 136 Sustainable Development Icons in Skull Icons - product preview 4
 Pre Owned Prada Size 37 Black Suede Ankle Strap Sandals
...
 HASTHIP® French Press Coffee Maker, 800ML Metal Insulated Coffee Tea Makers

Work order
After locating the line with "136 Sustainable Development" above, return that line and every later line through the one with "Pre Owned Prada", word for word and with nothing else.

Reply to the exercise
 136 Sustainable Development Icons in Skull Icons - product preview 4
 Pre Owned Prada Size 37 Black Suede Ankle Strap Sandals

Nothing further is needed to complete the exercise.